What the task asks ▸
Take the entries below and print, exactly, the stretch from the line containing "Solved Stage 2" through the line containing "sticker of a cartoon question mark vector", both included.

Extracted information ▸
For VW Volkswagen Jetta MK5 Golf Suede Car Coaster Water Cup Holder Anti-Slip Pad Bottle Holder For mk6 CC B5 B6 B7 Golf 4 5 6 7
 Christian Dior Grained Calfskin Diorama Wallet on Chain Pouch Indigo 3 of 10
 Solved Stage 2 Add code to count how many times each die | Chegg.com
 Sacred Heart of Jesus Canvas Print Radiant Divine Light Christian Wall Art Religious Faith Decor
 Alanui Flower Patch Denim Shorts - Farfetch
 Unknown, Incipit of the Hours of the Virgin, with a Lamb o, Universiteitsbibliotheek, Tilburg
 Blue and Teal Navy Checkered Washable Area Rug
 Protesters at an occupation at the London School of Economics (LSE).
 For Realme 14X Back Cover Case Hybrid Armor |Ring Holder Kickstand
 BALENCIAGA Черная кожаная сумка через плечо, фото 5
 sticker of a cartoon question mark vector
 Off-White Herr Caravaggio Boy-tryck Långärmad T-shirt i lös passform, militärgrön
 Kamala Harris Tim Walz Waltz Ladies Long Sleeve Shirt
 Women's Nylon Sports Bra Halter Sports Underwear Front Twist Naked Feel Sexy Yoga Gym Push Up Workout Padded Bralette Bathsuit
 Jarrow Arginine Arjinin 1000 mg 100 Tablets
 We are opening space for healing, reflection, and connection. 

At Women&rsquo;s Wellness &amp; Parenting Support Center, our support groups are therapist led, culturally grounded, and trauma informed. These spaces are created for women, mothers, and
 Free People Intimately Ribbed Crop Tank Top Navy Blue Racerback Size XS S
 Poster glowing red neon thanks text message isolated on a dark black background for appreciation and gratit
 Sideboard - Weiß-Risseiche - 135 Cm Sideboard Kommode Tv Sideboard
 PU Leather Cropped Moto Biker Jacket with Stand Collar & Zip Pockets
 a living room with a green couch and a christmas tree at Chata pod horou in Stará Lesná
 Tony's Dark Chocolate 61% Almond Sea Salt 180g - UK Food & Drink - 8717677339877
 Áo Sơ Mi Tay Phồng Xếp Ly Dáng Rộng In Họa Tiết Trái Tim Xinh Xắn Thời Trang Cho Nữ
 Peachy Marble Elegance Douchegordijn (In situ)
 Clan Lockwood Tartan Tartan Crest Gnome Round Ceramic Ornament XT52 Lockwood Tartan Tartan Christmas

Solution to this exercise ▸
 Solved Stage 2 Add code to count how many times each die | Chegg.com
 Sacred Heart of Jesus Canvas Print Radiant Divine Light Christian Wall Art Religious Faith Decor
 Alanui Flower Patch Denim Shorts - Farfetch
 Unknown, Incipit of the Hours of the Virgin, with a Lamb o, Universiteitsbibliotheek, Tilburg
 Blue and Teal Navy Checkered Washable Area Rug
 Protesters at an occupation at the London School of Economics (LSE).
 For Realme 14X Back Cover Case Hybrid Armor |Ring Holder Kickstand
 BALENCIAGA Черная кожаная сумка через плечо, фото 5
 sticker of a cartoon question mark vector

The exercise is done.